Today’s Book Blogger Hop question is: Do you overextend yourself with too many reviews because you can’t pass up a book in hopes you will get them all done or do you carefully plan and be sure you can fulfill the deadlines for all the promised reviews?
I’m assuming this question is about promising reviews in exchange for a copy of a book–promising myself I’ll write a review is a whole different situation! So I’m looking at it from the book/review exchange promise perspective…
I am a planner in all aspects of life, so I was never one to get overextended on promised reviews. Lately, this is even more true…I haven’t actually accepted a book for review in a very long time. I have kind of a lot going on right now (and I know I’m due for a goal update!) and I need my fun things to actually be fun and relaxing, not another obligation. (I might feel differently by December, but right now I’m strongly feeling the ‘maybe a year of super low pressure reading challenges’ vibe for 2019. We’ll see.)

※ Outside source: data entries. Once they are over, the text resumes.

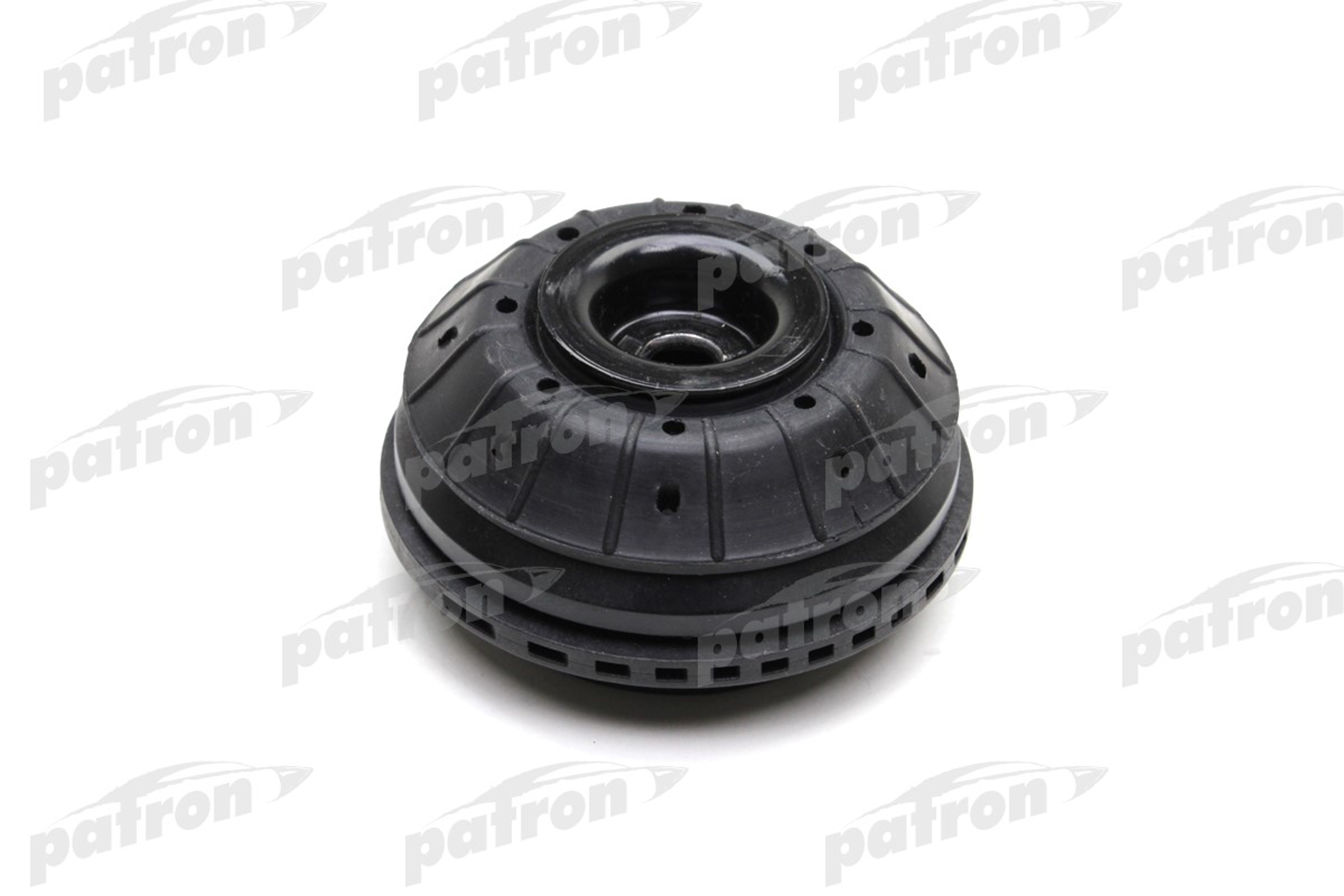 PATRON PSE4512 - Опорный подшипник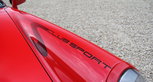Porsche 911 Carrera CS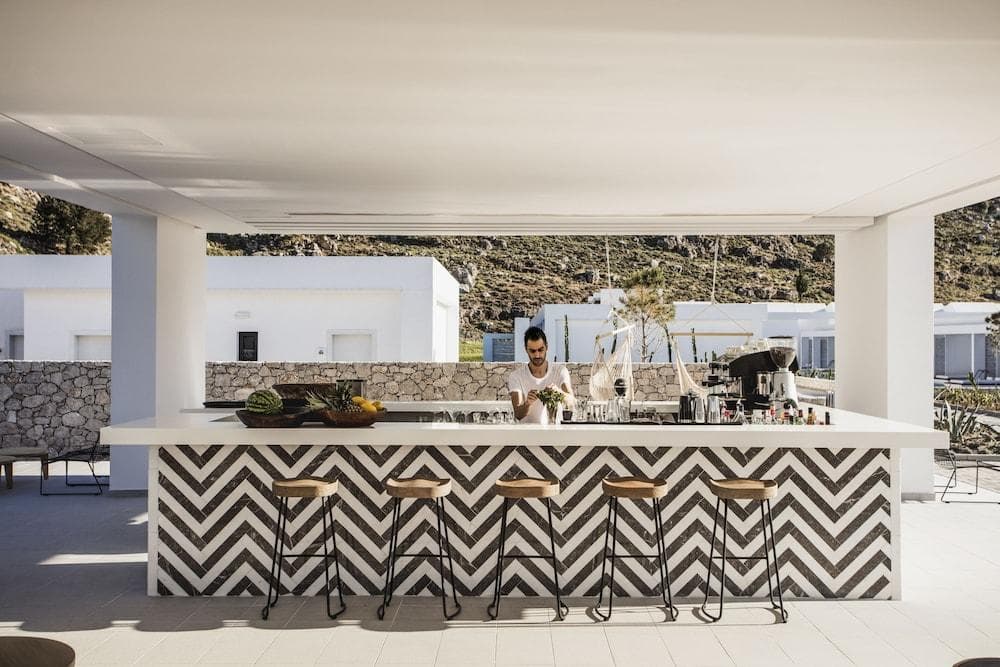 Casa Cook Rhodes (Adults only)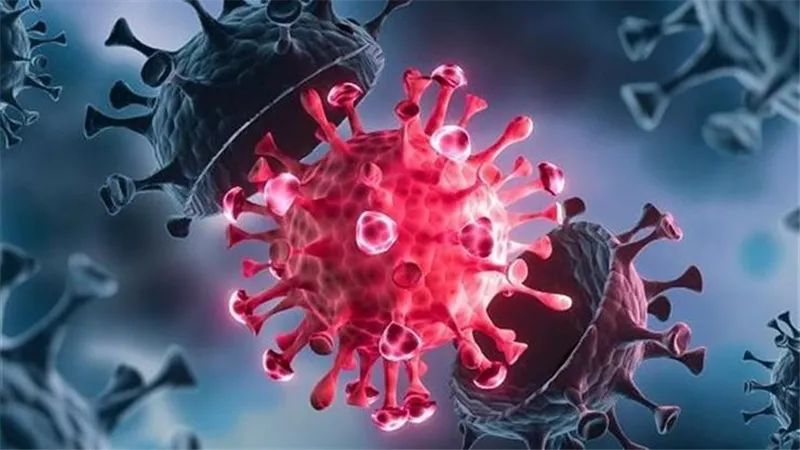مخاطر شديدة.. بيان صادم من الصحة العالمية بشأن متحور أوميكرون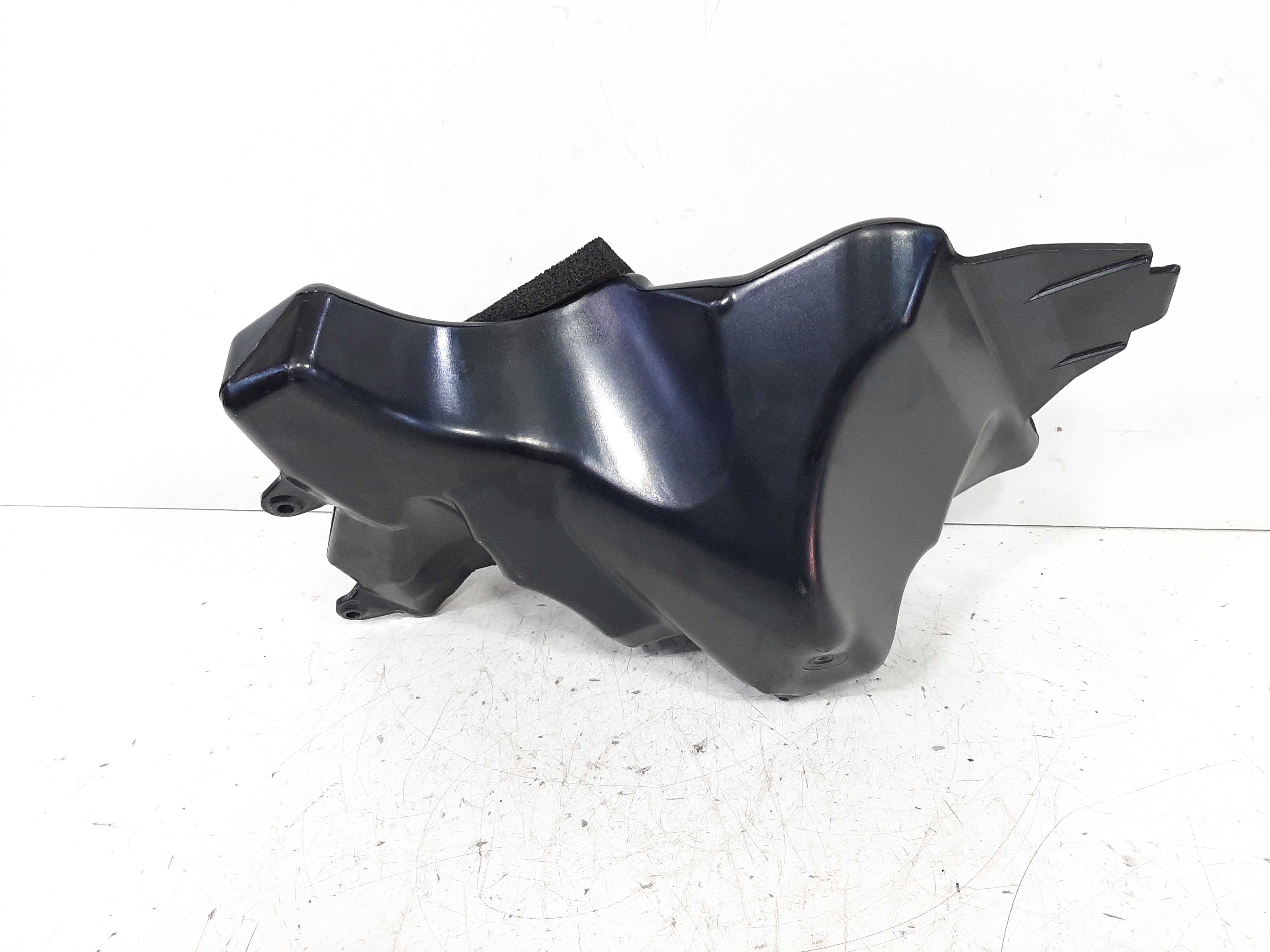 Alto Falante Traseiro Direito 540i Serie 5 Cod.27525 55964 6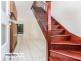 2/19 Western Avenue, Chermside QLD 4032
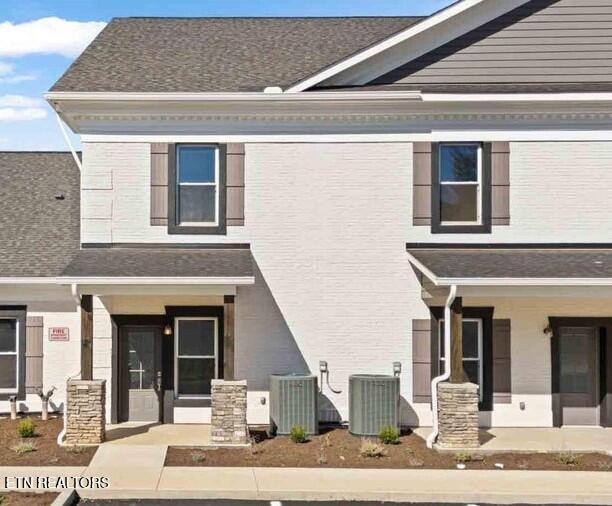 4411 Legends Way Maryville TN 37801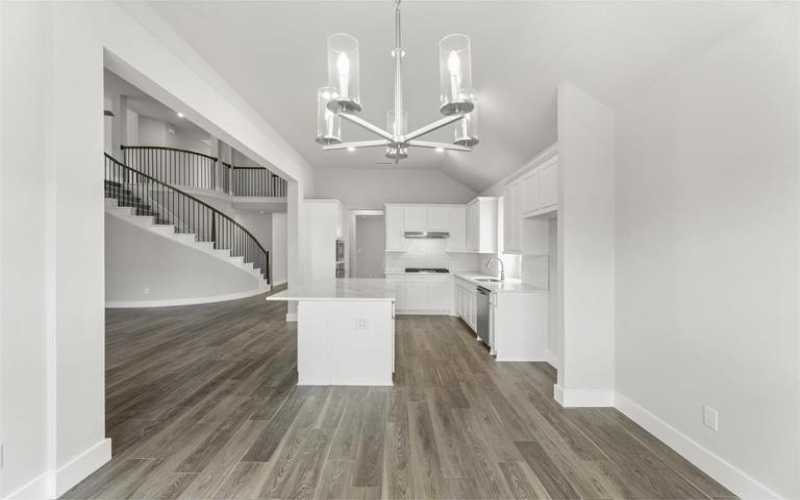 6205 Shasta Creek Road, Celina, TX 75009, 5 Habitaciones Habitaciones , ,3 BañosBaños,Residential,En Venta,6205 Shasta Creek Road,0,21059623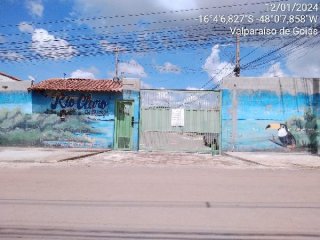 Imagem do imóvel CA65844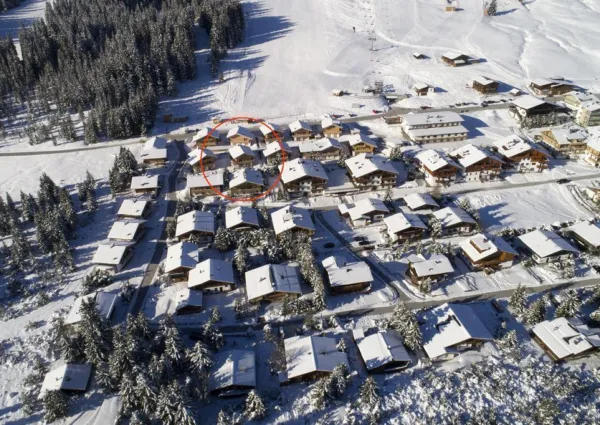 0029 HKR Schifreude winter 6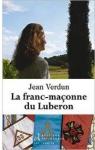 La franc-maonne du Lubron par Verdun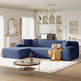 Newstead Sectional Sofa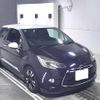 citroen ds3 2016 -CITROEN 【三重 330ｿ685】--Citroen DS3 A5C5G01--FW647337---CITROEN 【三重 330ｿ685】--Citroen DS3 A5C5G01--FW647337- image 1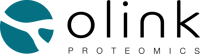 olink-logo-2017-larger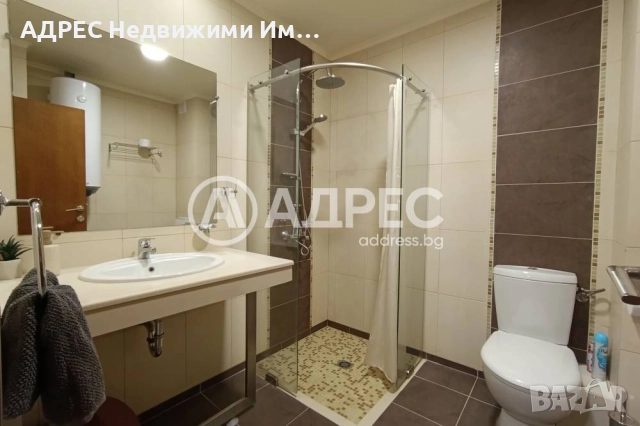Продава, Двустаен апартамент в к.к. Пампорово, снимка 6 - Апартаменти - 49546914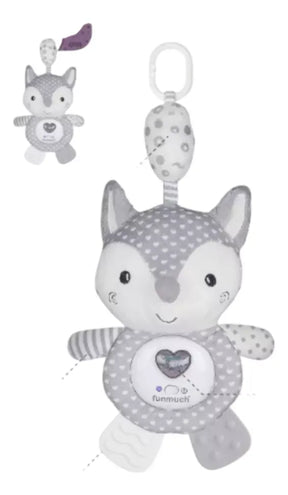 Cunero Animalito 2153337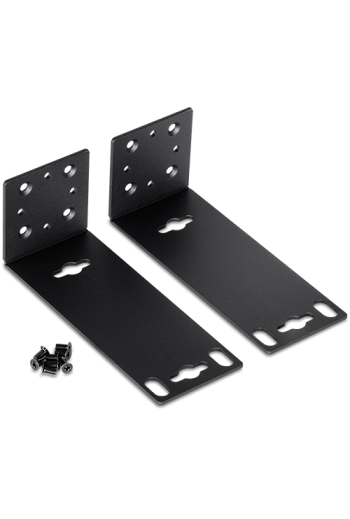 Switch Desktop 24 porturi Gigabit - TRENDnet TEG-S25D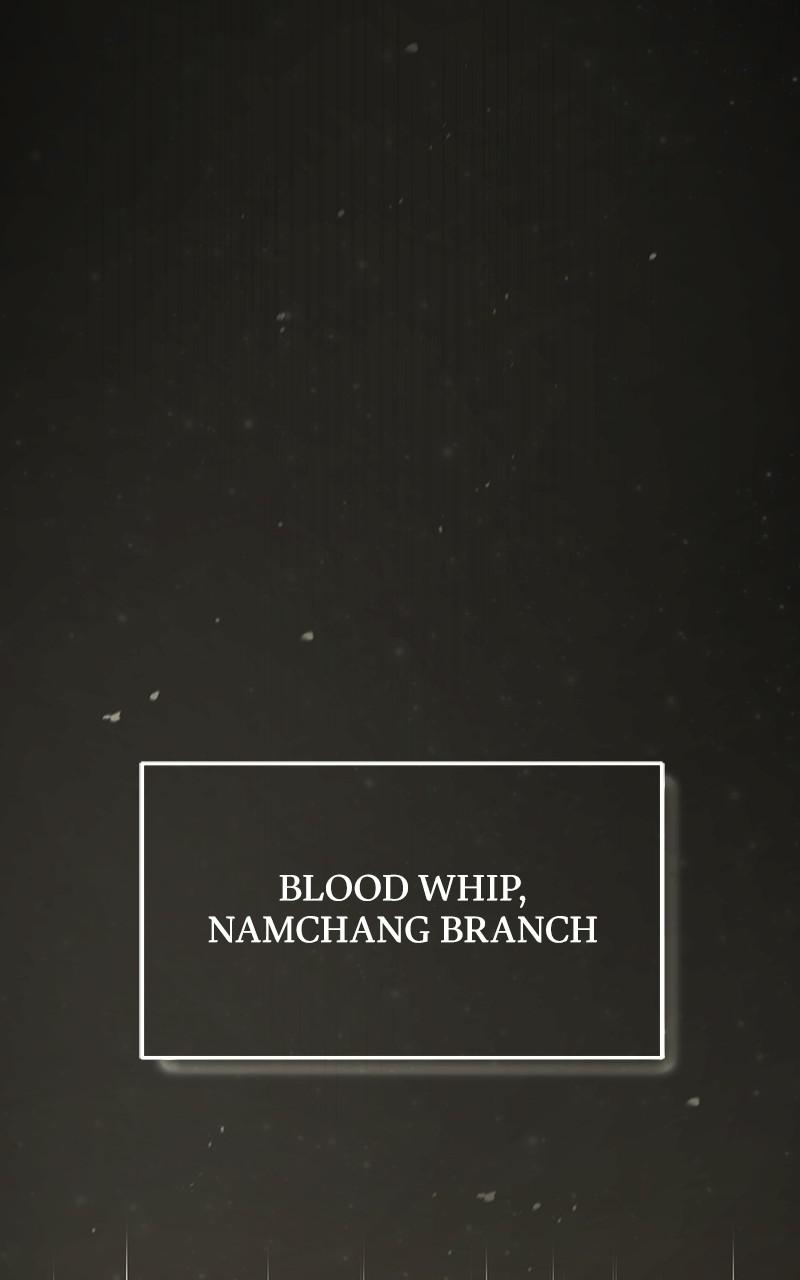 Best Teacher Baek Chap 43 - Next Chap 44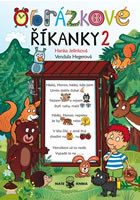 Obr�zkov� ��kanky 2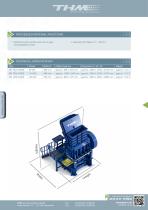 ZM Granulator-2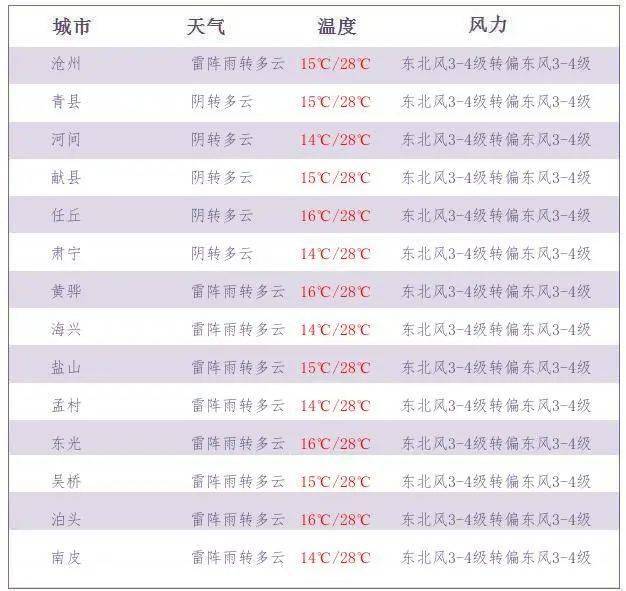 今晚9點(diǎn)30特馬開獎結(jié)果揭曉，探索彩票背后的秘密與策略，彩票背后的秘密與策略揭秘，今晚9點(diǎn)30特馬開獎結(jié)果揭曉之夜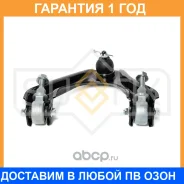 ����� ������� L / �����. ����. Sufix / SH1880 �������� 12 ��� SH1880 ����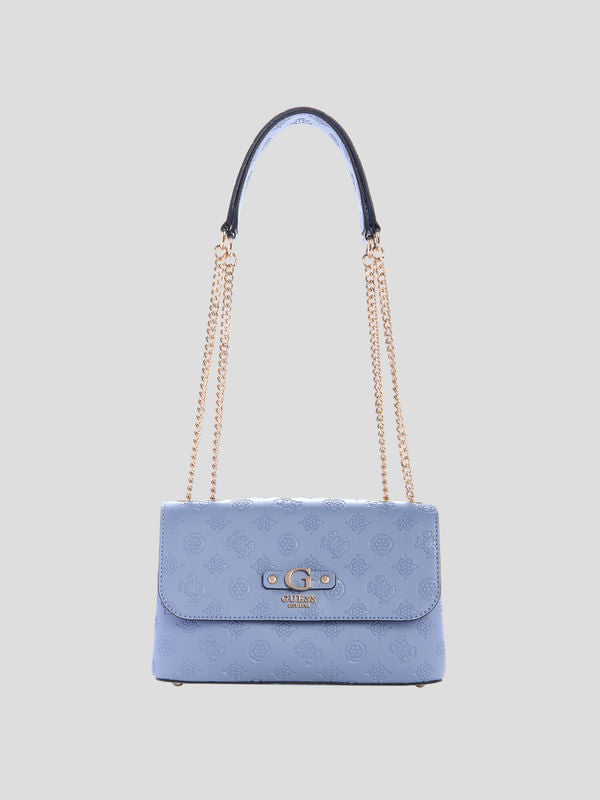 Bolsa Crossbody Guess Dita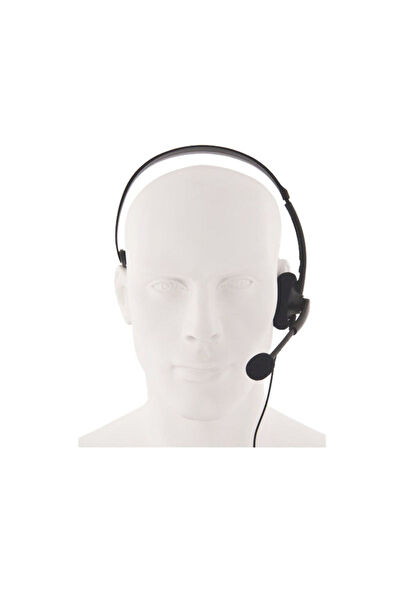 Dobe Bilgisayar Kulaklığı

Another reason I’ve pulled back on accepting review copies is that I didn’t always have much luck with them. In fact, I had several experiences where I could tell by page two that a book wasn’t really for me, just on a writing-style level, but felt obligated to finish reading. Because…someone sent me a book for free in exchange for a review, and reviewing that I read two pages and stopped didn’t really feel like holding up my end of the bargain! Those books didn’t turn out to be terrible and I tried to give balanced reviews, but would I have kept reading if I didn’t feel I had to? Nope, I don’t think so.
When I eventually get back to accepting review copies of books (because I do intend to eventually, when life settles down), I’ll probably request to see the first few pages before committing to reading and reviewing. That seems like it would be better for everyone!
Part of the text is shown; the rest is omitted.